La politique de l’emploi face à la crise
Face à une dégradation du marché du travail d’une telle ampleur, la première réponse en matière de politique économique doit évidemment s’appuyer sur les instruments de relance conjoncturelle d’effets immédiats. C’est ainsi que les gouvernements de l’ensemble des pays développés ont d’abord eu recours à la politique monétaire et à la politique budgétaire, au travers de plans de relance massifs. Sur le plan de la politique de l’emploi à proprement parler, en revanche, les mesures prises demeurent très marginales. Les quelques mesures transitoires visent à atténuer la vitesse de l’effondrement de l’emploi marchand (extension du chômage partiel, allégements de charges…), mais le maintien de la politique de baisse des effectifs dans la fonction publique (avec la suppression de plus de 30 000 postes en 2010) et le rejet du recours à l’emploi aidé dans le secteur non marchand (succédant aux emplois jeunes) viennent, dans ce contexte, amplifier la dégradation de la situation du marché du travail.
Mais au-delà des plans de relance et du problème urgent de l’indemnisation du chômage, c’est à un véritable choix de société que seront confrontés les politiques dans les années à venir. La perspective d’un retour durable au chômage de masse porte une aggravation de la précarité de l’emploi à laquelle a largement participé la politique de l’emploi au cours des dernières années.
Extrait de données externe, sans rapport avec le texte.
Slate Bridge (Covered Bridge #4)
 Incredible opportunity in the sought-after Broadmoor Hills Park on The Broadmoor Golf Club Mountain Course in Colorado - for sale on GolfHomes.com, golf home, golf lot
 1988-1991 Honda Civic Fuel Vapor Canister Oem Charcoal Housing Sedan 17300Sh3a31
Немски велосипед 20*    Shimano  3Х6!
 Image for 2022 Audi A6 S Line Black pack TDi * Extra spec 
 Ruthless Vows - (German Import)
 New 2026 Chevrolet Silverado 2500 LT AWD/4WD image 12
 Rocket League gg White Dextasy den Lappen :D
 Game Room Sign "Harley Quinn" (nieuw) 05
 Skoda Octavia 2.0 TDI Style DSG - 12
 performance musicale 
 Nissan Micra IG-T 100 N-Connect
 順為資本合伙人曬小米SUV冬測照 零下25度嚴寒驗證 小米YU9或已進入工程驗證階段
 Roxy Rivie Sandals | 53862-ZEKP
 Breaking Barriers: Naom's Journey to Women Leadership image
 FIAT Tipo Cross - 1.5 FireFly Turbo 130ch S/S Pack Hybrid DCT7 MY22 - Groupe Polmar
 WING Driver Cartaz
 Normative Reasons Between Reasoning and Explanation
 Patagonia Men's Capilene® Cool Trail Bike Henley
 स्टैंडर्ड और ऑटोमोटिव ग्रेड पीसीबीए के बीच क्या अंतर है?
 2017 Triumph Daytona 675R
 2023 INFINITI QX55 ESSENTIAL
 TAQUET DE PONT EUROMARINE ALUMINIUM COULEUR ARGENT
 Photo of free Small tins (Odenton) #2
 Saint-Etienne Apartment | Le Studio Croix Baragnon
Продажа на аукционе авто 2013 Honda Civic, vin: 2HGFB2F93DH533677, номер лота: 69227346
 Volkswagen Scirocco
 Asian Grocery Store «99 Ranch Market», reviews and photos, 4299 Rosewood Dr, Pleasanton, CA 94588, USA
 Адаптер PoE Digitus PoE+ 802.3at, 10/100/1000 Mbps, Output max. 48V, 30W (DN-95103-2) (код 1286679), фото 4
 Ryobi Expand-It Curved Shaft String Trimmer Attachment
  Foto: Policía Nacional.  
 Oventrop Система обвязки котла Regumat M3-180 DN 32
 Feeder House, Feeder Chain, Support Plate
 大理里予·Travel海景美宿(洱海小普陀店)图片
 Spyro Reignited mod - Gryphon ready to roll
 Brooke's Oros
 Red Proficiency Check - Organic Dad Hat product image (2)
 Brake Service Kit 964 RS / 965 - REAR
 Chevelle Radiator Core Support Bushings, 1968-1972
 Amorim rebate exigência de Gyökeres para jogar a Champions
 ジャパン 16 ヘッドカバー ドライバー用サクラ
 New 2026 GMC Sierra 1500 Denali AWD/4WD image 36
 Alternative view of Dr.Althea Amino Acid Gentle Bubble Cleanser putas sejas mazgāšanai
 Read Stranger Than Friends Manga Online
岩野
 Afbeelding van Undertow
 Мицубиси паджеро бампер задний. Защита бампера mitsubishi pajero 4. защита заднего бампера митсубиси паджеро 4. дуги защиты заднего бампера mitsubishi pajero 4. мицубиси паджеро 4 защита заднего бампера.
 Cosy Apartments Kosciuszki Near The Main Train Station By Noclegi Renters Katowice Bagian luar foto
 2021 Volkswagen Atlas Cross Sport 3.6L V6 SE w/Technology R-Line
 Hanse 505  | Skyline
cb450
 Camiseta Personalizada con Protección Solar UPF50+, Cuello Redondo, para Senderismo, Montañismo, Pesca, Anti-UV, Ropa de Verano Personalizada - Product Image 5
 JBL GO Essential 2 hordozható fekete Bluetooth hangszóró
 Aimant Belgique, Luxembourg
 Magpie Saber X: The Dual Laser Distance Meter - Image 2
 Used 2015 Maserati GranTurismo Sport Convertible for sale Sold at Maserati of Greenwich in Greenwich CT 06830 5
La multiplication des contrats précaires et le morcellement du marché du travail entre insiders et outsiders ne pourront être combattus qu’au moyen d’une véritable réflexion sur statut de l’emploi. Et cette réflexion devra principalement cibler les groupes les plus vulnérables pour leur permettre de s’extraire de la précarité dans laquelle ils se trouveront piégés au lendemain de la crise.
NOTES :
(1) Le sous-emploi comprend les personnes actives qui travaillent à temps partiel et souhaiteraient travailler davantage, et les personnes à temps complet qui ont travaillé moins que d’habitude pendant une semaine de référence (chômage partiel, réduction saisonnière d’activité…).(2) Depuis janvier 2009, l’ANPE et les Assedic ont fusionné, formant une nouvelle entité, Pôle emploi.